[Captioned web images]
--- START ---

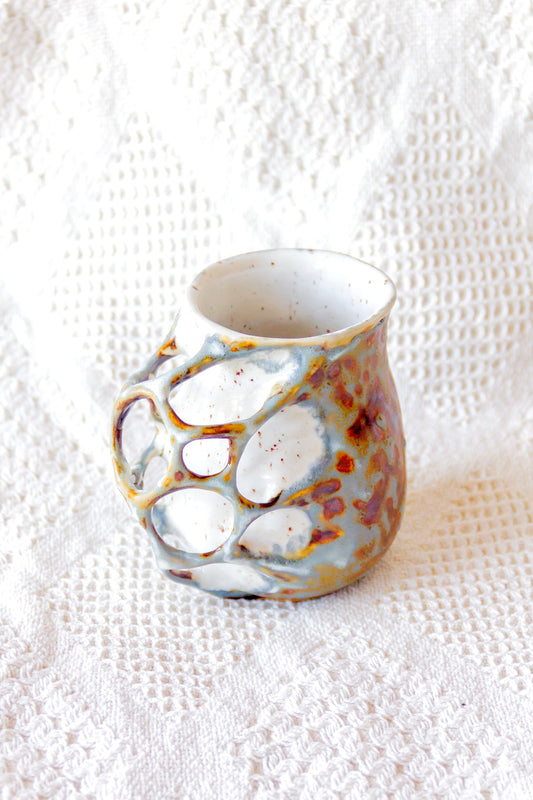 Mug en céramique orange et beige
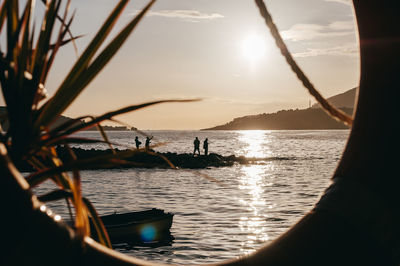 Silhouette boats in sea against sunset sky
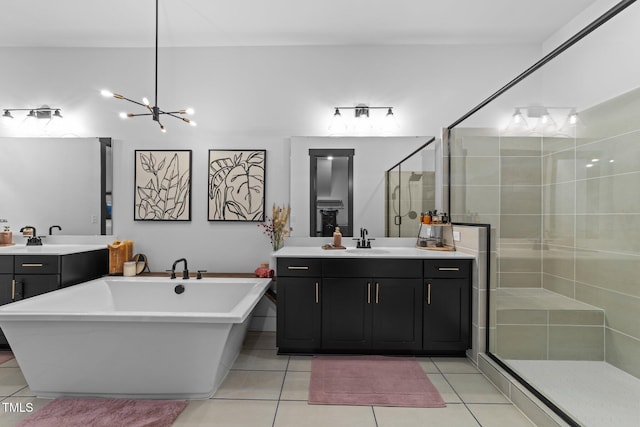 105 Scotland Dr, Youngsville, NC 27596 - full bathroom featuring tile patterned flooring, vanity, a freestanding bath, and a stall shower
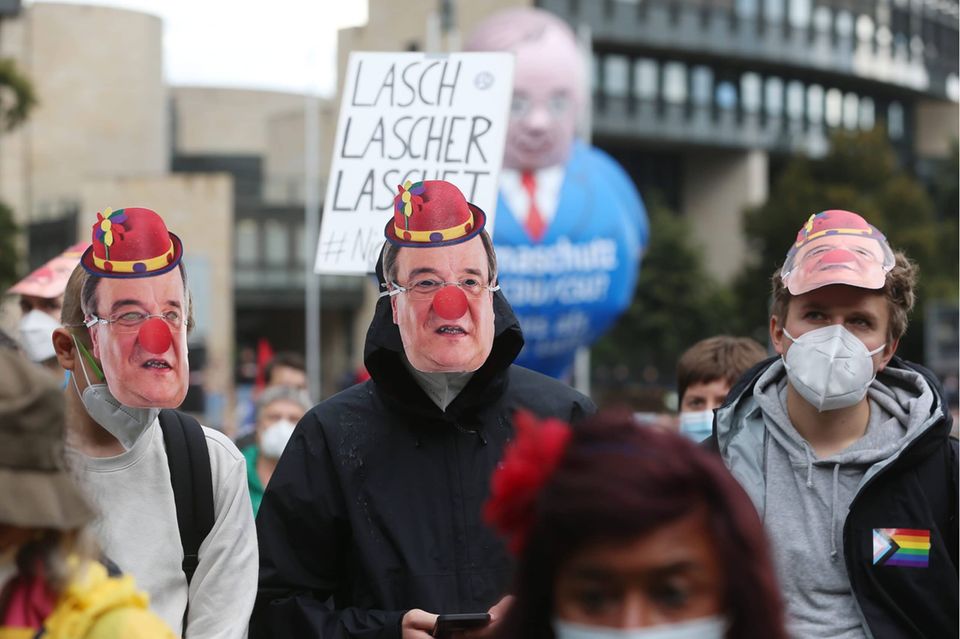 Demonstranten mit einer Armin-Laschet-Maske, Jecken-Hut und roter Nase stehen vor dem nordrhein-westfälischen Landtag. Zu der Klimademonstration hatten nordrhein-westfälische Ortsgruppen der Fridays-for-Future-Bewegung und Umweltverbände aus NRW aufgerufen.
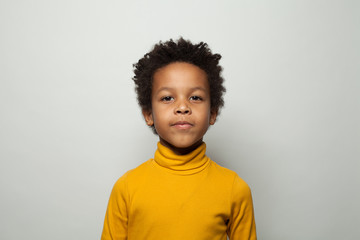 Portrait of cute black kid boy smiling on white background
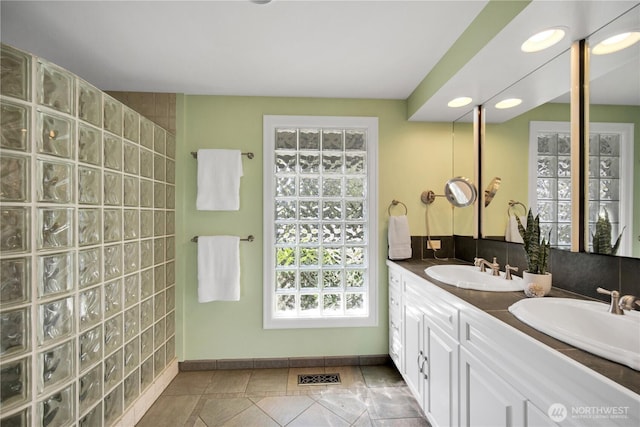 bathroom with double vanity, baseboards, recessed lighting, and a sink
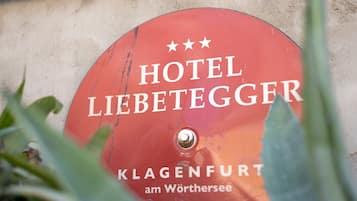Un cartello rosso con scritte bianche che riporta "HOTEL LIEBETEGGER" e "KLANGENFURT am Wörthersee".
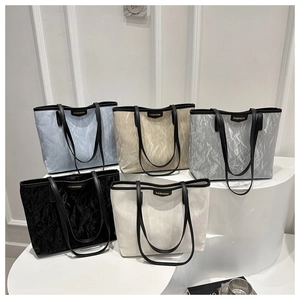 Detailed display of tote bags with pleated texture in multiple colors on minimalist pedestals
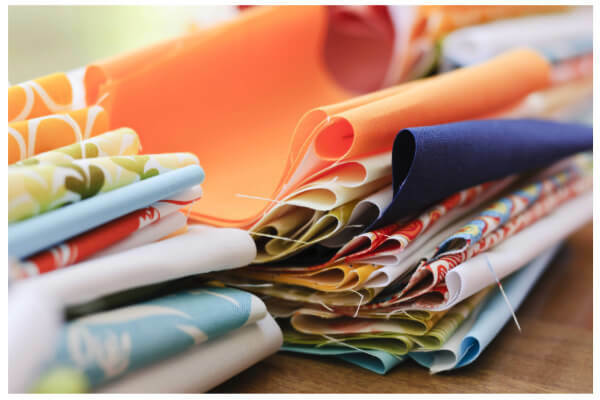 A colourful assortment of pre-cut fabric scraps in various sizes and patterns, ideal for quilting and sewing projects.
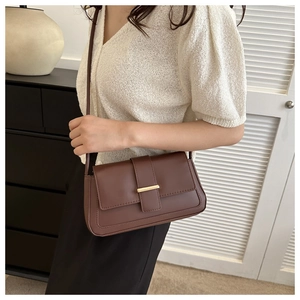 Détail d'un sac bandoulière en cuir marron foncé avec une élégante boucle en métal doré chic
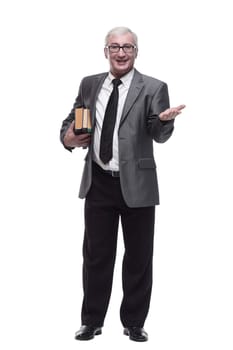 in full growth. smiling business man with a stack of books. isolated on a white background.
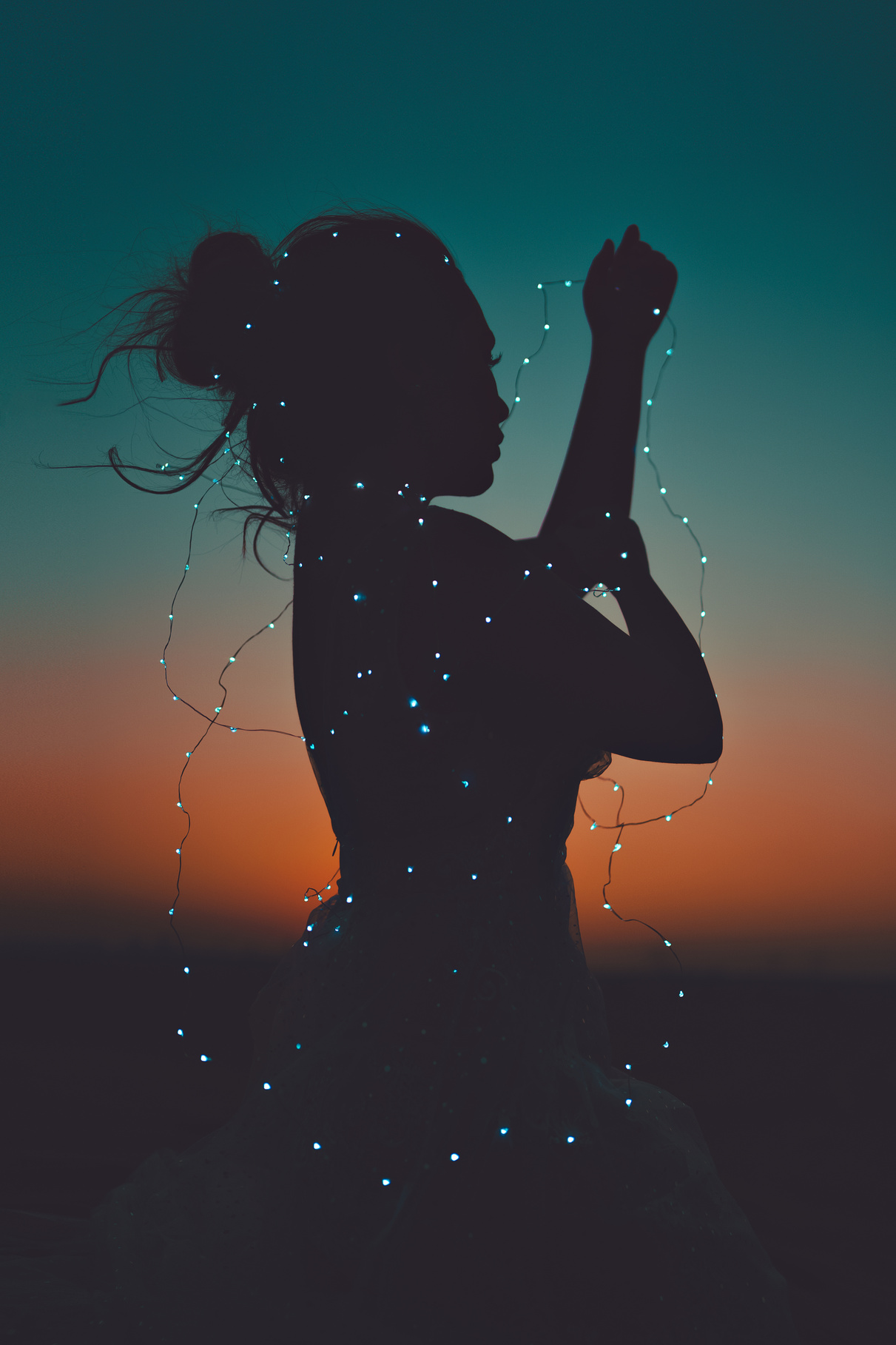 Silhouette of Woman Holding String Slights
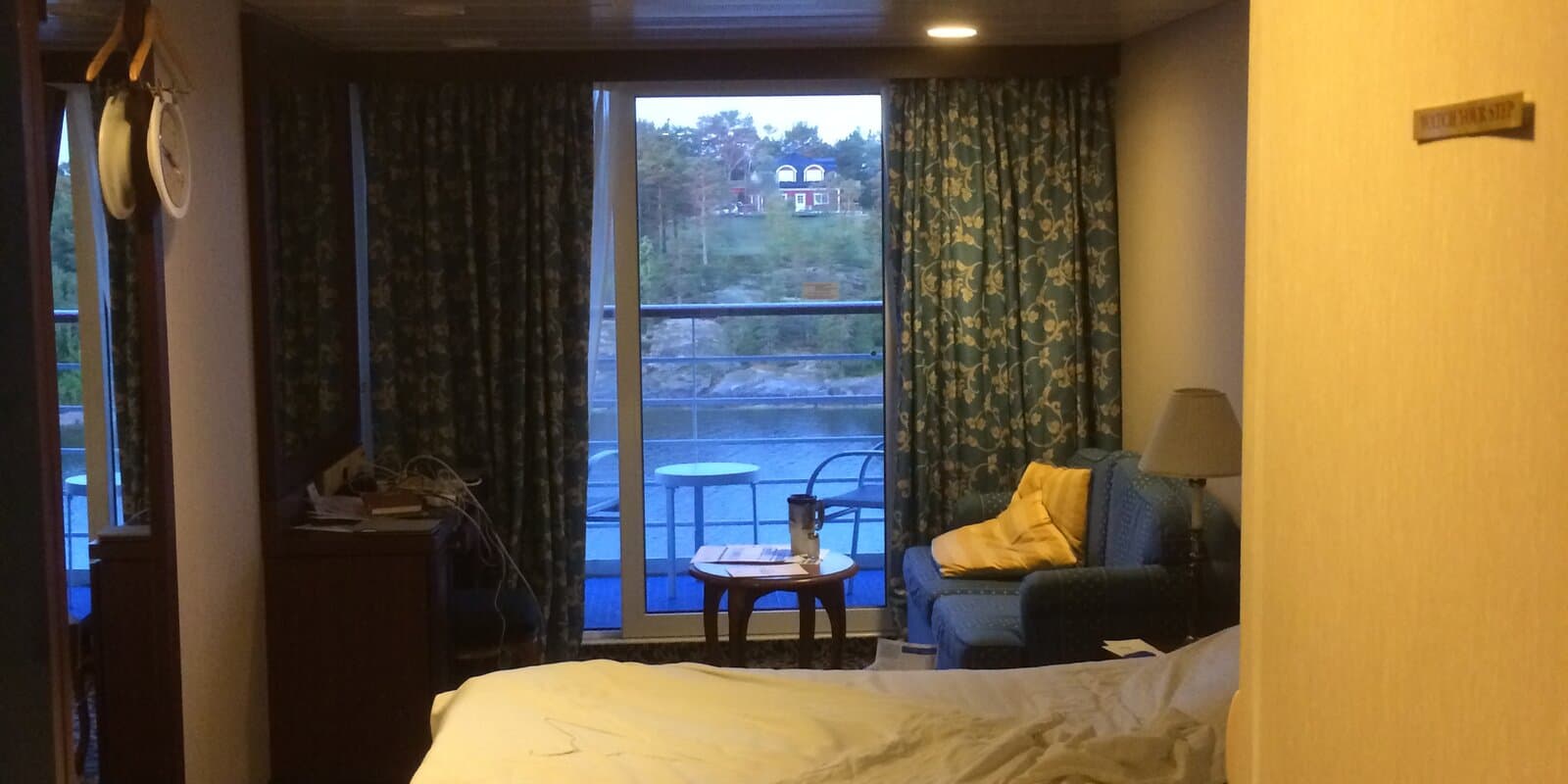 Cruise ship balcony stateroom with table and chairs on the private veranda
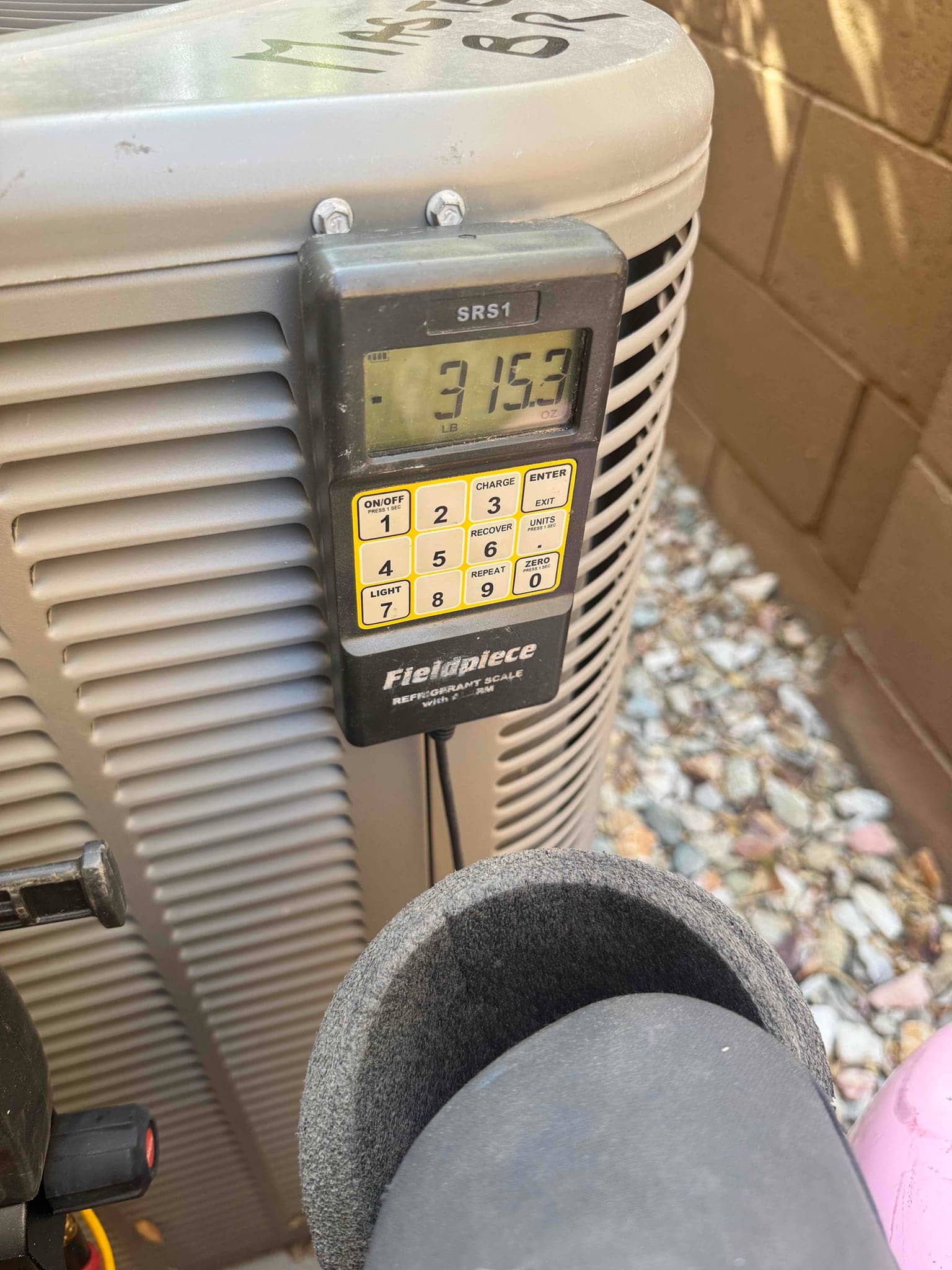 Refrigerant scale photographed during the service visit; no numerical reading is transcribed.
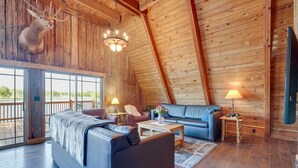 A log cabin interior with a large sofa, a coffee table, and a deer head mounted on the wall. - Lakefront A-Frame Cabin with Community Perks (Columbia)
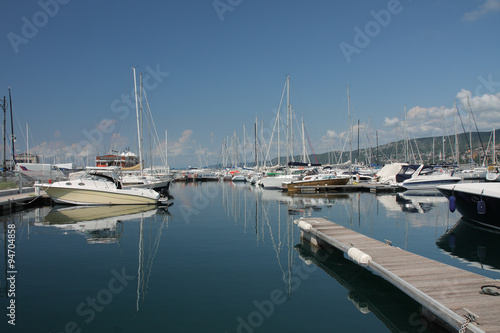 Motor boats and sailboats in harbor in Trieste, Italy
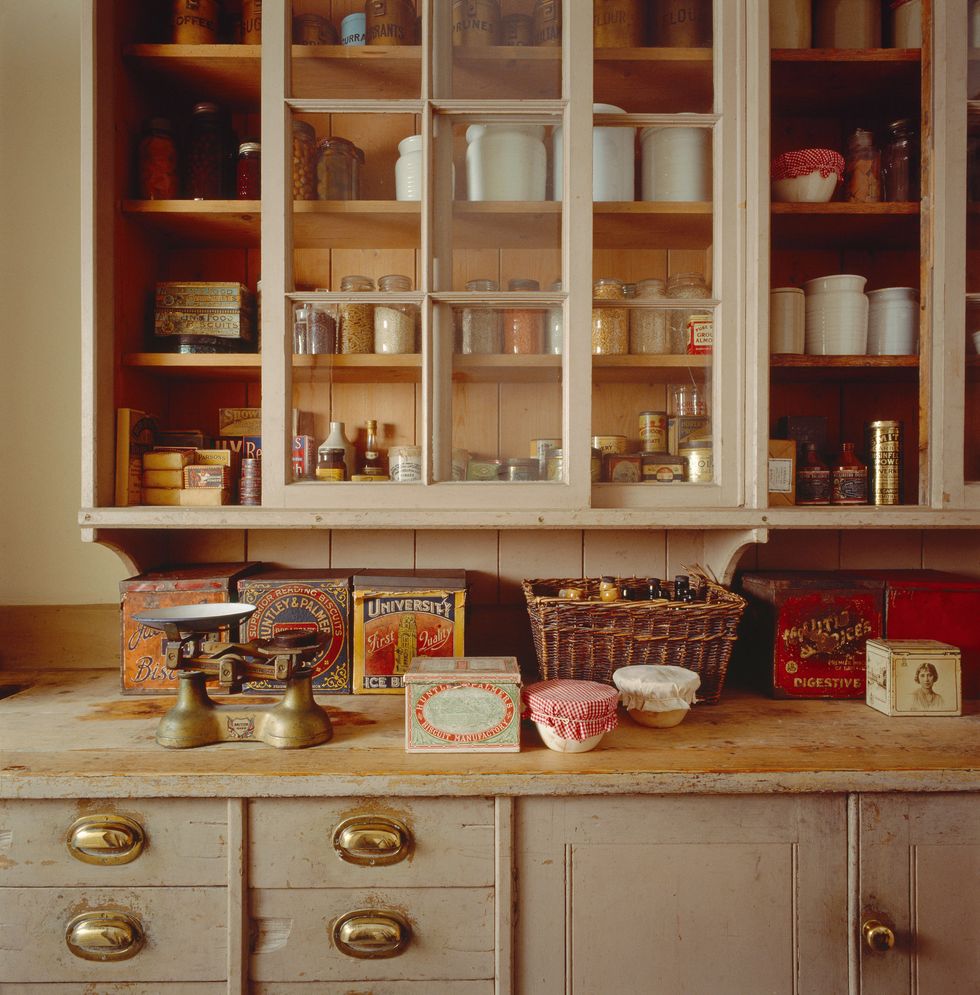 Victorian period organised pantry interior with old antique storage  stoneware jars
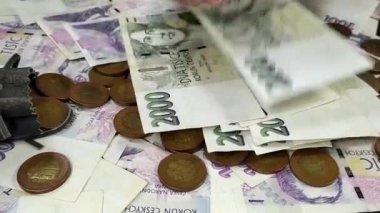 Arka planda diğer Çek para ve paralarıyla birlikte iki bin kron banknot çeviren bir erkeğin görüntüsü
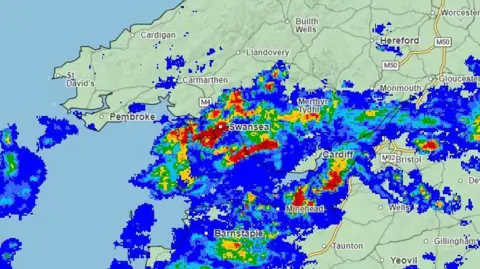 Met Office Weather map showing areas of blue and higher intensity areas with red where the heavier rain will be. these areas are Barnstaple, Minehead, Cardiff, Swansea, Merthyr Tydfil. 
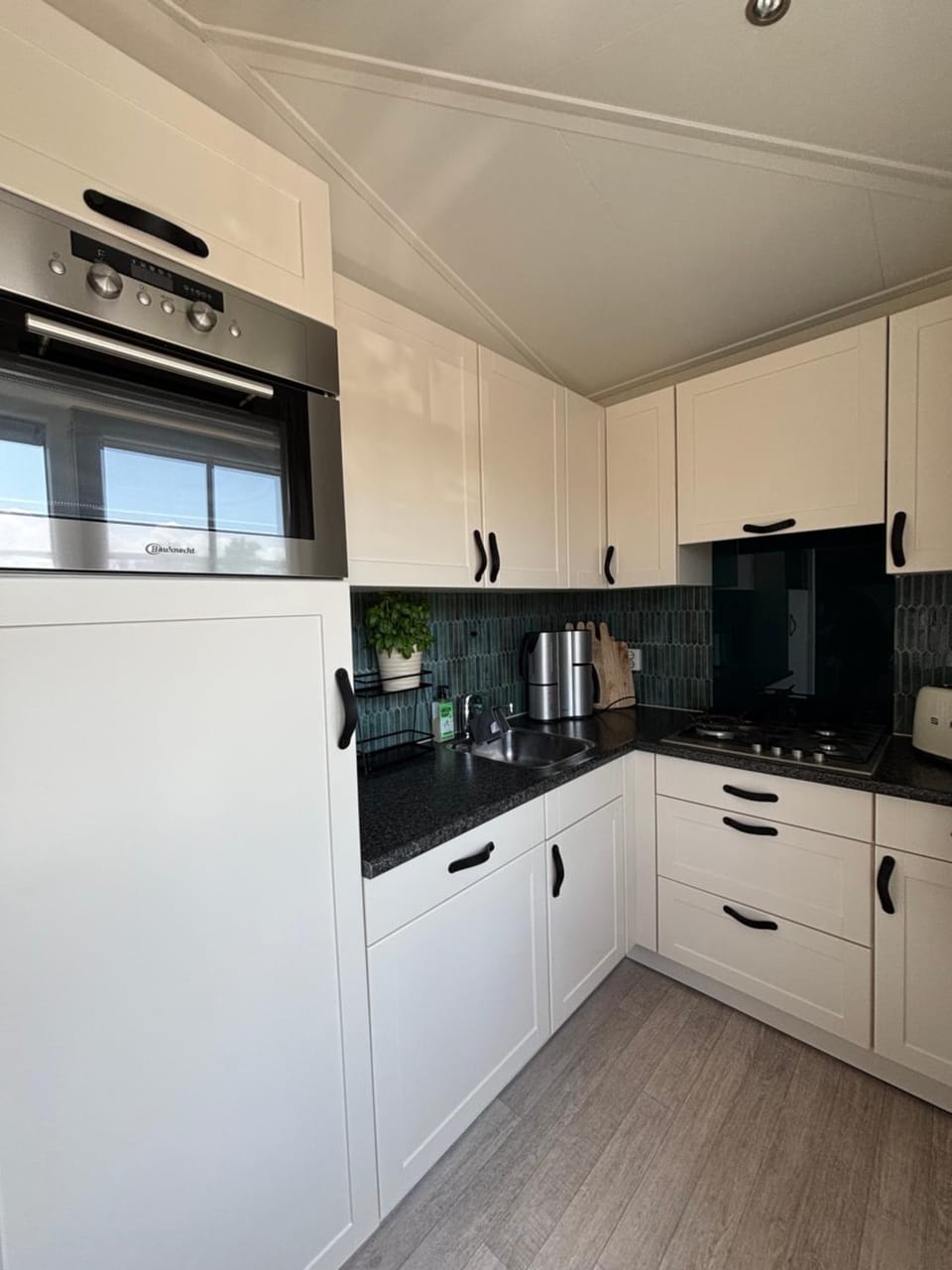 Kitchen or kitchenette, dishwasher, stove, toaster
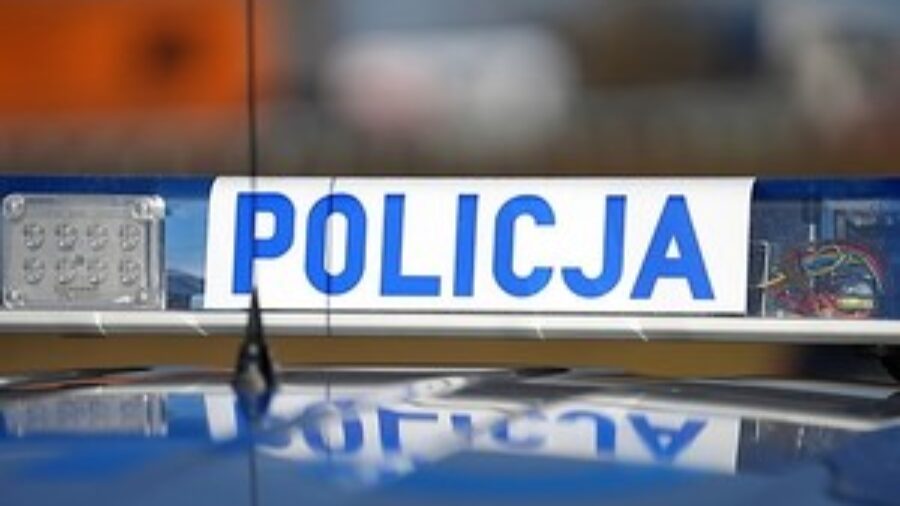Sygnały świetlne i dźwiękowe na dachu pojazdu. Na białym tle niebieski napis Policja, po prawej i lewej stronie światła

--- END ---

Reproduce exactly, with no pictures, the lines above from the one holding "Silhouette boats in sea against sunset sky" to the one holding "105 Scotland Dr, Youngsville, NC", inclusive.

 Silhouette boats in sea against sunset sky
 105 Scotland Dr, Youngsville, NC 27596 - full bathroom featuring tile patterned flooring, vanity, a freestanding bath, and a stall shower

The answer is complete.